Citigroup lost $27.68 billion in 2008. The lawsuit cited the plunge
in the company's stock price from $47.89 at the start of the fourth
quarter of 2007 to $2.80 by January 2009.
The
settlement was announced last August, but the judge had questioned
the fairness of the settlement, and eventually awarded substantially
lower fees and expenses than what was sought by the plaintiffs'
lawyers.
And
let's briefly check in on Wall Street's most infamous insider trader,
Steve Cohen of SAC Capital. Earlier this year, when the SEC extracted
$616 million from Cohen's fund in two regulatory settlements, he
expressed his deep remorse by buying, within weeks, a $155 million
Picasso and a $60 million beach house in the Hamptons, right down the
road from his other Hamptons beach house, worth $18 million. Then in
late July, Cohen was hit with two new major blows: a civil charge
from the SEC and criminal charges filed by federal prosecutors
against his firm, SAC Capital Advisors. The SEC charge, "failure
to supervise," looked at first like a relatively tame thing to
lay on a suspected criminal mastermind, with a lifetime ban from the
securities business being the worst possible outcome. It looked like
Cohen would skate without a criminal charge, which most would
consider a huge victory, but the story is still unfolding because
the SEC filed its case through an administrative proceeding,
not in civil court, Cohen will have limited rights to discovery,
which would have helped him prepare his defense in any potential
criminal cases.
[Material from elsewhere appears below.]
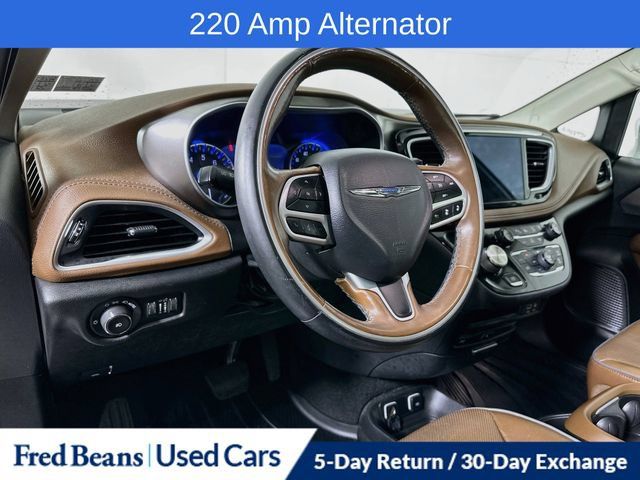 Used 2018 Chrysler Pacifica Limited w/ Tire & Wheel Group FWD image 13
That's assuming the SEC actually pursues a criminal
case. So far the SEC has been pretty spineless in its efforts to find
justice on Wall Street.
The
reason for the lack of serious efforts to prosecute wrong-doing are
simple; the regulators don't want to upset their future bosses. The
New York Times reports that the revolving door has been spinning
fast, pushing former powerful regulators like Robert Khuzami (former
SEC enforcement chief), Mary Schapiro (former SEC chief) and Lanny
Breuer (former head of the Justice Department's Criminal Division)
all the way from the halls of justice to the corner office in Fat
City. All three are now out of government and in private practice
representing those very Wall Street interests they once regulated -
earning a combined annual income of more than $9 million.